BRIEF DESCRIPTION OF THE DRAWINGS
[0037] The above and other aspects of the present invention will
become more apparent by describing in detail exemplary embodiments
thereof with reference to the attached drawings in which:
[0038] FIGS. 1A-1C show conventional coding schemes for providing
video streaming at different resolutions;
[0039] FIG. 2 illustrates a referencing relationship in encoding
frames in an enhancement layer using a multi-layer coding
scheme;
[0040] FIGS. 3A and 3B illustrate coding schemes for video
streaming according to first and second exemplary embodiments of
the present invention;
[0041] FIGS. 4A-4D illustrate coding schemes for video streaming
according to third through sixth exemplary embodiments of the
present invention;
[0042] FIGS. 5A-5D illustrate coding schemes for video streaming
according to seventh through tenth exemplary embodiments of the
present invention;
[0043] FIG. 6 illustrates a referencing relationship in interframe
coding according to an exemplary embodiment of the present
invention;
[0044] FIG. 7 illustrates a referencing relationship in interframe
coding according to another exemplary embodiment of the present
invention;
[0045] FIG. 8 illustrates a referencing relationship in interframe
coding according to another exemplary embodiment of the present
invention;
[0046] FIG. 9 illustrates a referencing relationship in interframe
coding according to another exemplary embodiment of the present
invention;
[0047] FIG. 10 illustrates sharing of an intraframe according to an
exemplary embodiment of the present invention;
[0048] FIG. 11 illustrates sharing of an intraframe according to
another exemplary embodiment of the present invention;
[0049] FIG. 12 is a block diagram of a video encoder system
according to an exemplary embodiment of the present invention;
[0050] FIG. 13 is a block diagram of a video decoder system
according to an exemplary embodiment of the present invention;
and
[0051] FIG. 14 is a diagram for explaining a process of generating
a smooth intraframe in a smooth enhancement layer in intraframe
sharing and decoding a shared intraframe.
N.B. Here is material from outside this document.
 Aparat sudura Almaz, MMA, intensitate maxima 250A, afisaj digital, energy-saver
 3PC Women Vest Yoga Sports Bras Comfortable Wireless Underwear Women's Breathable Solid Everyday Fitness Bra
DETAILED DESCRIPTION OF EXEMPLARY EMBODIMENTS OF THE INVENTION
[0052] The present invention will now be described more fully with
reference to the accompanying drawings, in which preferred
embodiments of the invention are shown.
[0053] FIG. 2 illustrates a referencing relationship in encoding
frames in an enhancement layer using a multi-layer coding
scheme.
[0054] Referring to FIG. 2, a current frame (frame N) in the
enhancement layer can be inter-coded using a previous frame (frame
N-1) as a reference (backward prediction) or using a next frame
(frame N+1) as a reference (forward prediction). When an average of
one block in the previous frame and one block in the next frame is
used as a reference, the prediction is called bi-directional
prediction. In the multi-layer coding scheme, frames in the
enhancement layer are encoded with reference to corresponding
frames in the base layer, which is called inter-layer
prediction.
[0055] The inter-layer prediction uses a current frame in a base
layer to encode a current frame in an enhancement layer. A
reference frame is created by upsampling or downsampling the
current frame in the base layer to the resolution of the
enhancement layer. For example, when the resolution of the base
layer is lower than that of the enhancement layer as shown in FIG.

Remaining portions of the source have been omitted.